WGU D488 Cybersecurity Architecture
Engineering CASP+ Comprehensive Final
Exam Official Practice Exam Actual Exam
2026/2027 with Detailed Rationales |
Complete Exam-Style Questions | Pass
Guaranteed – A+ Graded
══════════════════════════════════════
SECTION 1: SECURITY ARCHITECTURE & ENGINEERING FOUNDATIONS Q1 – Q10
══════════════════════════════════════

Question 1 of 50

A healthcare organization is migrating its EHR system to a hybrid cloud model. The security
architect must ensure that patient data encrypted at rest in the cloud remains inaccessible to
the cloud provider's administrators while still supporting indexed database queries for clinical
workflows. Which approach satisfies both requirements?

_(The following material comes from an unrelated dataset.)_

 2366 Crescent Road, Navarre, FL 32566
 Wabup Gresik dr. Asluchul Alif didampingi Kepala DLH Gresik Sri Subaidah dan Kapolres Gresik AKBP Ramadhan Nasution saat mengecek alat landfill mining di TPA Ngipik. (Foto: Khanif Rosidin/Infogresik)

A. Bring Your Own Key (BYOK) with the cloud provider managing key storage and rotation
B. Database-level transparent data encryption using the provider's native key management
service
C. Client-side encryption with deterministic encryption for queryable fields and randomized
encryption for sensitive attributes ✓ CORRECT
D. Tokenization of all PHI fields with an on-premises tokenization server and batch
de-tokenization

Correct Answer: C
Rationale: Client-side encryption with deterministic encryption preserves queryability for
exact-match operations while ensuring the cloud provider never possesses decryption keys,
satisfying both confidentiality and functional requirements. BYOK often still permits the
provider to access keys for operational purposes, which violates the requirement for
exclusive customer control. In regulated hybrid cloud architectures, searchable encryption
techniques are increasingly used to maintain security without sacrificing clinical workflow
functionality.

Question 2 of 50

,A manufacturing company adopts DevSecOps and wants to integrate security testing into the
CI/CD pipeline without creating excessive build delays. The architect recommends a tool that
analyzes source code for vulnerabilities during the compilation phase without executing the
application. Which tool category matches this requirement?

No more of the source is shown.